(AVAILABLE DATA)

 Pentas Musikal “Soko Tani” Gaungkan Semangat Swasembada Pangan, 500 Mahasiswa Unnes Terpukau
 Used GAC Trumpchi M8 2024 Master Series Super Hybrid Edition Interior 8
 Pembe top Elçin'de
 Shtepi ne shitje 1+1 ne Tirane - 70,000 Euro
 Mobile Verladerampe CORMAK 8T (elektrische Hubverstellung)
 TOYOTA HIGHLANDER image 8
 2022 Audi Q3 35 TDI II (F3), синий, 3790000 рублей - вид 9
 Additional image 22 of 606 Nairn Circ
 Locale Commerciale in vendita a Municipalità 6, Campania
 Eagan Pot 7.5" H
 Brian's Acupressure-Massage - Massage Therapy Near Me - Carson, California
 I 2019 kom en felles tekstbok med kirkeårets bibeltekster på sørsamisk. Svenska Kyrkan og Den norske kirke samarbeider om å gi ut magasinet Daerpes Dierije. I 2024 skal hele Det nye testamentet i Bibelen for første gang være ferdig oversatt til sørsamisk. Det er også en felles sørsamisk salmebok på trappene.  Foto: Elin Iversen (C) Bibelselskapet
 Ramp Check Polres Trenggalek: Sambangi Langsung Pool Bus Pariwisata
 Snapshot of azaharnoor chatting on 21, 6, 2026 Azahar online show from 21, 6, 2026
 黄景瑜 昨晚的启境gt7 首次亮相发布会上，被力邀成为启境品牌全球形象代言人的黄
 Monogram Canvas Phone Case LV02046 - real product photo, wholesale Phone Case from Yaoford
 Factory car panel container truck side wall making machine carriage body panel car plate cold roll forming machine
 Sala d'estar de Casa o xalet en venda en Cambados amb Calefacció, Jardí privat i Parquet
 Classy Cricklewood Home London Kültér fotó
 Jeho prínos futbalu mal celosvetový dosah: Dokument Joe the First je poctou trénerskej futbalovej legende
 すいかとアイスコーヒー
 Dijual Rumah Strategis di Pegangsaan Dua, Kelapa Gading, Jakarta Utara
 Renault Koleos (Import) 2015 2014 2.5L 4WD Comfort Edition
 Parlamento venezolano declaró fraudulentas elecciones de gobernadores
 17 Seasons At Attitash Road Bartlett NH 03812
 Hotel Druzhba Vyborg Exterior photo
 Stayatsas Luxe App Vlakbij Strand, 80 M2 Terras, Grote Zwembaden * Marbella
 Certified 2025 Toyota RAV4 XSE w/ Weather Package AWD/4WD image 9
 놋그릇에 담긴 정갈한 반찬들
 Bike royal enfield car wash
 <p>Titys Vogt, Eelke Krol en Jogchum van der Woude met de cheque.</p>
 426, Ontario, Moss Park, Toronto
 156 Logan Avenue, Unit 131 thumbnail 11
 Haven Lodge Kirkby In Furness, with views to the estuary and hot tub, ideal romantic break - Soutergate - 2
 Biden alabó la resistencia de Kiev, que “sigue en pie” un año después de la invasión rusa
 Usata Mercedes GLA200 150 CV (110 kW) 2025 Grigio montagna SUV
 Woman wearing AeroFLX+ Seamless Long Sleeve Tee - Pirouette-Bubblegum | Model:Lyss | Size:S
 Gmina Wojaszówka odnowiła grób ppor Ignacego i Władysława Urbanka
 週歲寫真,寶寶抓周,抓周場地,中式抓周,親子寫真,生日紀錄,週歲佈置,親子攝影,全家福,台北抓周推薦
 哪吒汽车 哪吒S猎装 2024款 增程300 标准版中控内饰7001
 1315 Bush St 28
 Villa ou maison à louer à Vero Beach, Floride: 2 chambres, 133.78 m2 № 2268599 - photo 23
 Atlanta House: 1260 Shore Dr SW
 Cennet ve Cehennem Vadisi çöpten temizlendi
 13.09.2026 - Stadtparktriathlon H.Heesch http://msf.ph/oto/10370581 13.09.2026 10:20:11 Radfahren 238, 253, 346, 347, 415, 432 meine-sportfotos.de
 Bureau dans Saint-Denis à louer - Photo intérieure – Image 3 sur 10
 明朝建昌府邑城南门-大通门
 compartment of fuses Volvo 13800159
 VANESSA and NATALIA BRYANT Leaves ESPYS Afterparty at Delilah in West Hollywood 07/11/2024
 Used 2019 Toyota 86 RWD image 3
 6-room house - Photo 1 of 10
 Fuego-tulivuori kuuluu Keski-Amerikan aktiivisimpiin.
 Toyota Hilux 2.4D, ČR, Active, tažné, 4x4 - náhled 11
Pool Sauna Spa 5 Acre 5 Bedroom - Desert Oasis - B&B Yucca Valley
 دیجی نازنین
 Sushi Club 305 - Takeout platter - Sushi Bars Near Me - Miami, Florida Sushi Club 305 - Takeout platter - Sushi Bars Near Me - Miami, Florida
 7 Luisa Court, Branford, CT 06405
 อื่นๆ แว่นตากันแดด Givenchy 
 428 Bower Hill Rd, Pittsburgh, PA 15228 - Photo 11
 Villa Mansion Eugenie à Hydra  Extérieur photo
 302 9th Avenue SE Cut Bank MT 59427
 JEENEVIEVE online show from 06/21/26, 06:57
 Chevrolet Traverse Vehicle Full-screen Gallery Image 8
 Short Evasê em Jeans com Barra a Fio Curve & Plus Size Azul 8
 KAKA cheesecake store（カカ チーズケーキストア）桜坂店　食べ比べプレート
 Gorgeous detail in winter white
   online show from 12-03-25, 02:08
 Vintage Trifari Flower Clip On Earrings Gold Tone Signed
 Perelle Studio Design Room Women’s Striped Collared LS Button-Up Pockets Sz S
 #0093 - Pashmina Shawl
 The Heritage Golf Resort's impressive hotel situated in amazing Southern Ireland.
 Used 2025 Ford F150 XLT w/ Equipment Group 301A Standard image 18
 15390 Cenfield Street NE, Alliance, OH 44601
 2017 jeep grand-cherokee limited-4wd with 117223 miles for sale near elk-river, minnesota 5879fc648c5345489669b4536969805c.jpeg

(End AVAILABLE DATA)

## PROBLEM REQUIREMENTS
Could you repeat exactly the lines above from the line with "Additional image 22 of 606 Nairn Circ" up to and including the line with "I 2019 kom en", and only those?

## ANSWER FOR THIS EXERCISE
 Additional image 22 of 606 Nairn Circ
 Locale Commerciale in vendita a Municipalità 6, Campania
 Eagan Pot 7.5" H
 Brian's Acupressure-Massage - Massage Therapy Near Me - Carson, California
 I 2019 kom en felles tekstbok med kirkeårets bibeltekster på sørsamisk. Svenska Kyrkan og Den norske kirke samarbeider om å gi ut magasinet Daerpes Dierije. I 2024 skal hele Det nye testamentet i Bibelen for første gang være ferdig oversatt til sørsamisk. Det er også en felles sørsamisk salmebok på trappene.  Foto: Elin Iversen (C) Bibelselskapet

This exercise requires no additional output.